Stored entries:

════════════════

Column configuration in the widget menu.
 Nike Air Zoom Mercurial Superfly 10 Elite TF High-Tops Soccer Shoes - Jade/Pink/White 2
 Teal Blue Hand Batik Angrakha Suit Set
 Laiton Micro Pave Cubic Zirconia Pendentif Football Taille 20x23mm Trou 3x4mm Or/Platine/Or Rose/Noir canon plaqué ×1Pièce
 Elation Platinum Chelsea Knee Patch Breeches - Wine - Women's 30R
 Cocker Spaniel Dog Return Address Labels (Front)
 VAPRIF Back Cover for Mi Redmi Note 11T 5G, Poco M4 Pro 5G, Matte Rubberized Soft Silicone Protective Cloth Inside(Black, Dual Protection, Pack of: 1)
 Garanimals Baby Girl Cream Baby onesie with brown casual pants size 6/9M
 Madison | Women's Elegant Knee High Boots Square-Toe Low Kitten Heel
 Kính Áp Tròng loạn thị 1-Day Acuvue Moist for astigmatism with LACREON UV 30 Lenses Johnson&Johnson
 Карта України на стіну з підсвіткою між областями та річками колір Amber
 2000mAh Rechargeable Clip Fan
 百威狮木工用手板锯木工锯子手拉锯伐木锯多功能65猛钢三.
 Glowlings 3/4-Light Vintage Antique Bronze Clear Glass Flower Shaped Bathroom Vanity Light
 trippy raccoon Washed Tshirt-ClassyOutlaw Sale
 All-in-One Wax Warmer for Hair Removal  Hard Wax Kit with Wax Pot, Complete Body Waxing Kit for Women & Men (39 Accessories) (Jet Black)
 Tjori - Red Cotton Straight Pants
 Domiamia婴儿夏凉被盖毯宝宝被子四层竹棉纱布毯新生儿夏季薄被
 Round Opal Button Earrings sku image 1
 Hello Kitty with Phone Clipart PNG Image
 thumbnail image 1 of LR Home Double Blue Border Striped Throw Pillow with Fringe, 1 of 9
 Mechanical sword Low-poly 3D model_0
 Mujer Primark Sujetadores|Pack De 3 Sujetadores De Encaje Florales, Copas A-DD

════════════════

**What the exercise asks:** Starting at the line that contains "Domiamia婴儿夏凉被盖毯宝宝被子四层竹棉纱布毯新生儿夏季薄被", output every remaining line of the data exactly, and stop after the last one.

**Solution:**
 Domiamia婴儿夏凉被盖毯宝宝被子四层竹棉纱布毯新生儿夏季薄被
 Round Opal Button Earrings sku image 1
 Hello Kitty with Phone Clipart PNG Image
 thumbnail image 1 of LR Home Double Blue Border Striped Throw Pillow with Fringe, 1 of 9
 Mechanical sword Low-poly 3D model_0
 Mujer Primark Sujetadores|Pack De 3 Sujetadores De Encaje Florales, Copas A-DD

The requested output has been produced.